If your goal is to two-ply the roving, there are several things you can try to bring out the color blocks:
Split the roving lengthwise down the middle, keeping the halves the same thickness. Then, spin both halves the same thickness. Okay, I know, it's hard to split the roving and it's hard to spin consistent singles, but, you can come close this way. Sample cards help alot!
If one color change is taking a while to happen on one bobbin, edit it out -- break off that single and move up to where you want the color to be. I like a little unevenness for heathering/marling between the color changes, but more than a few yards and I'm breaking my single, editing out a bit, and spit-joining the two ends of that single (or actually really joining them, if you can manage it) back together again.
In the picture, the right glove (with the heathered color changes) was spun this way -- with editing! -- and the other was Navajo plied to keep colors separate.
Fractal plying! This technique is described by Janel Laidman in the Summer 2007 Spin-Off; I've done it twice now, and love it. Split your roving in half lengthwise, spin one half onto one bobbin as-is, drafting-drafting, drafting. Take the other half and split it more -- I try to split it into at least 4 pieces lengthwise, then spin those lengths onto a second bobbin. When you ply the two bobbins, you get pleasing color changes where one ply changes more slowly than the other, leading to dominance of the color in the "slower" single -- it looks really cool, like subtle background striping, knit up.
Spin a single. hehe. then you're done. Well, if you want high twist and don't want a single, you could ply with thread. Pick a neutral (white, black, grey), a color from the space-dye that you like, or the transparent quilter's thread. (That last is on my to-do list -- the "invisible ply"!)
The picture shows handspun singles.
I recently watched Patsy Zawitowski's video, "Spinning Textured Yarns". In it, she plies a space-dyed roving with its "perfect neutral". To do this, you take half the roving and blend together all the colors in the roving on your carder until they are all muddied up. Spin half as dyed, spin the other half from this "perfect neutral". It was cool - she showed how that looked, versus plying with other neutrals.
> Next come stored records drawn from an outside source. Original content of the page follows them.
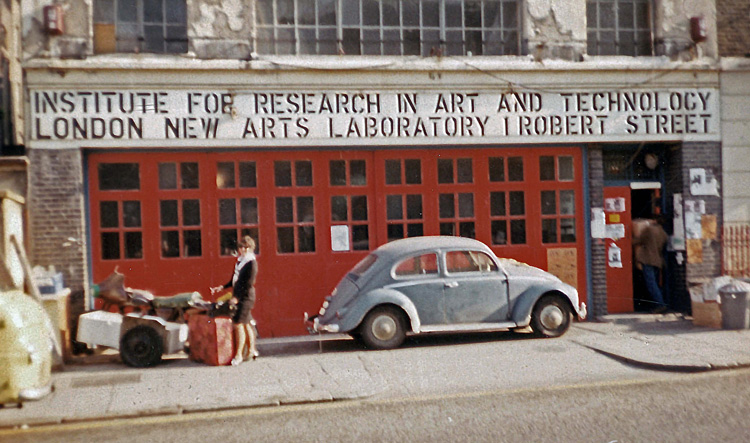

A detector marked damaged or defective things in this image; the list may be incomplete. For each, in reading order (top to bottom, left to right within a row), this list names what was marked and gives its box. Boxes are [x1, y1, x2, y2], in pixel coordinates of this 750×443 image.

peeling plaster wall [189, 0, 254, 59]
peeling plaster wall [524, 0, 588, 61]
peeling plaster wall [656, 0, 720, 59]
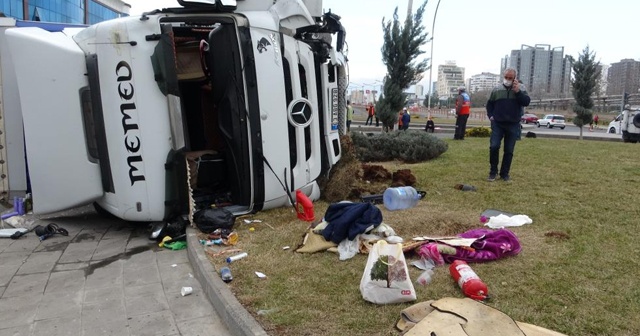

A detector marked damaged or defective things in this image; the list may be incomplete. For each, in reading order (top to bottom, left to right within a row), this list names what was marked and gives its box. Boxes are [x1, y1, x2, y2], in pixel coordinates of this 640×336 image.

overturned white truck [2, 0, 348, 223]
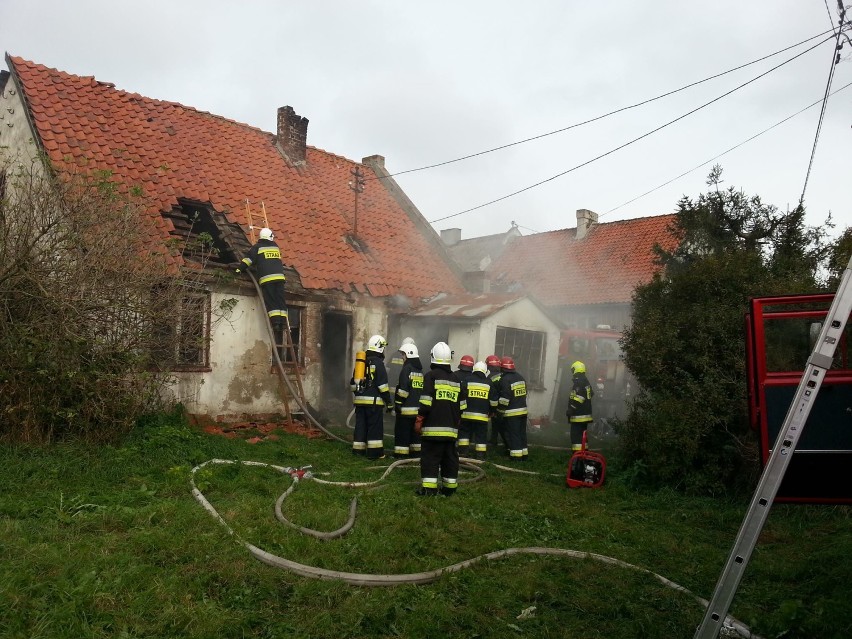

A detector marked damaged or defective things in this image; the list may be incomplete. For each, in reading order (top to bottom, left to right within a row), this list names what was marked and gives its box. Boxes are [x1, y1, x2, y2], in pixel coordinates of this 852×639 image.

damaged roof [6, 55, 462, 300]
damaged roof [490, 214, 676, 306]
broken window [492, 328, 544, 388]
I have also plied a space-dyed roving with white, which pales out the colors; black, which darkens them (and can brighten them); and brown, which adds a nice heathery/earthy tone. The picture shows a scarf from yarn where the colors were plied against a dark brown.
Another thing you can do is break the space-dyed roving up into its separate colors, and spin and ply each color separately. Then, you can pick your color changes when you knit. The hat shown here shows what this could look like.
Well, I bet there are more ideas than this even. A Navajo 3-ply is the best way to keep the color changes "clean", or to at least choose how clean you want them to be
See earlier posts on this topic and material mentioned here:
How can I preserve color in a 2-ply?
How can I preserve the color in my space-dyed roving when I spin it?
How do you organize your spinning?
Do you want to play with thread?
posts on spinning singles
Do you have suggestions on color handling in space-dyed roving, links to interesting samples of this, or questions on the topic? Please post a comment here or contact me. Thanks!
Can you hear me laughing? Once again the question in my head was answered! I am spinning some silk, on my Natalie that I dyed and have bee wondering what the best way is to keep the colours distint. I have to tell you Ameila I think we are on a similar wavelength which is kind of nice considering we have never met and I am on the other side of the world! thanks again, vicki.
Thanks for a fantastic post, Amelia. It's full of lots of good ideas to try!
I especially like the idea of editing the allegedly matched singles (aka split roving). I've found that it starts off okay, but then gets increasingly out of whack. Removing the abberations is a brilliant idea!